* **Exercise prompt**: For this listing, reproduce the line with "ยูยู โกลเดน บีช (YUYU golden beach resort) 3", the line with "Vencer a la Adversidad con Resiliencia", and the lines between, exactly as they stand. Leave out pictures and all other lines.

* **Source data**:
---*---

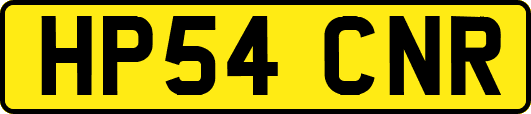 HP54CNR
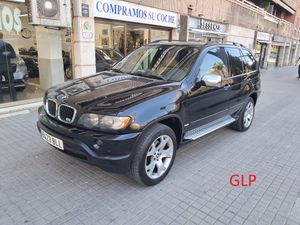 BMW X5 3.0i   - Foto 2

---*---

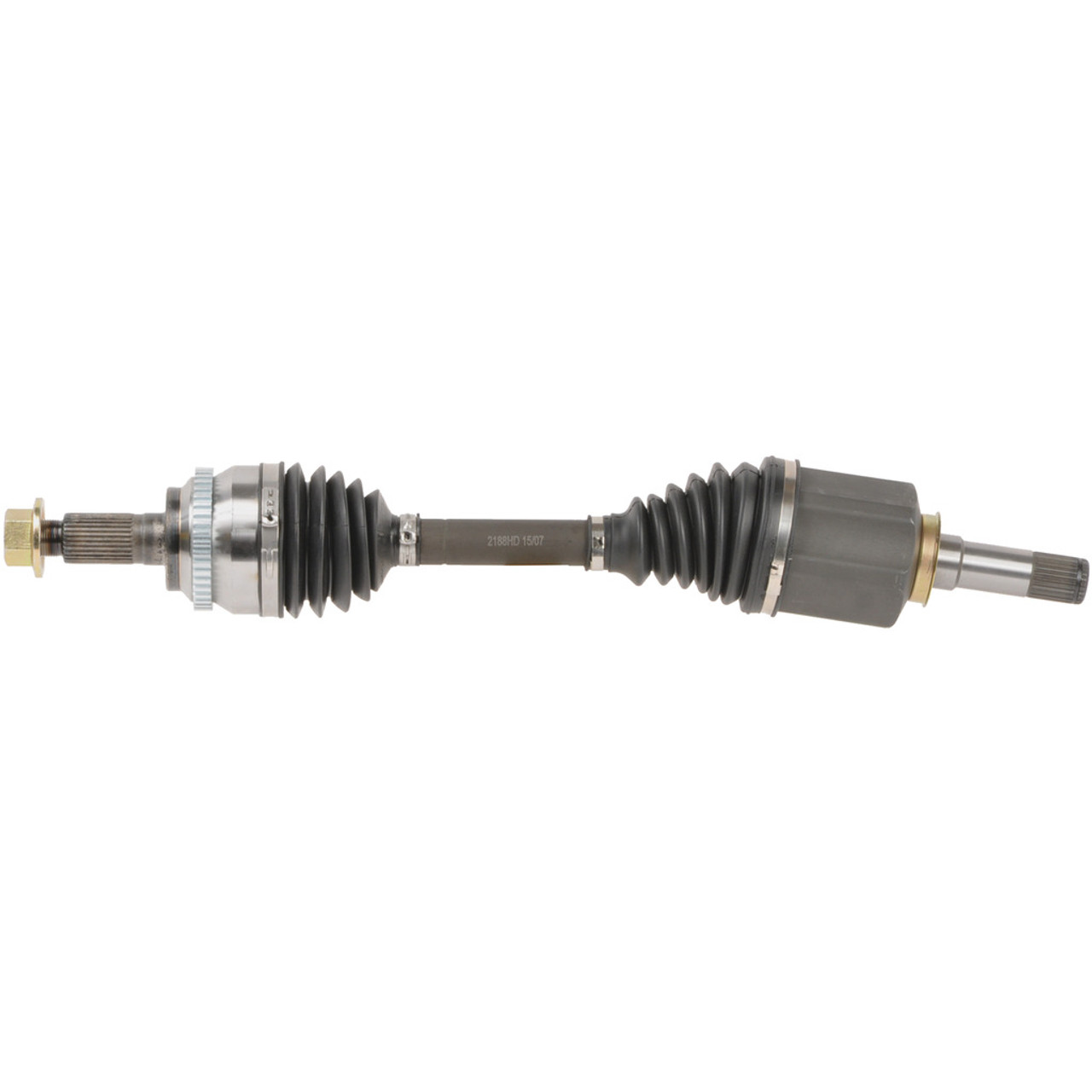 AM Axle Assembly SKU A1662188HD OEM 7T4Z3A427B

---*---

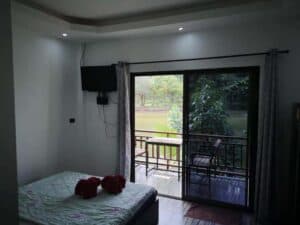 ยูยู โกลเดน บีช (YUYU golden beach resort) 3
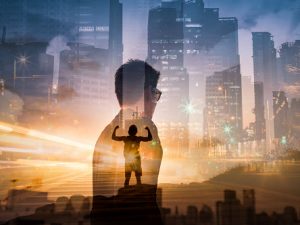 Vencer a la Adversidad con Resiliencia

---*---

* **Answer below**:
 ยูยู โกลเดน บีช (YUYU golden beach resort) 3
 Vencer a la Adversidad con Resiliencia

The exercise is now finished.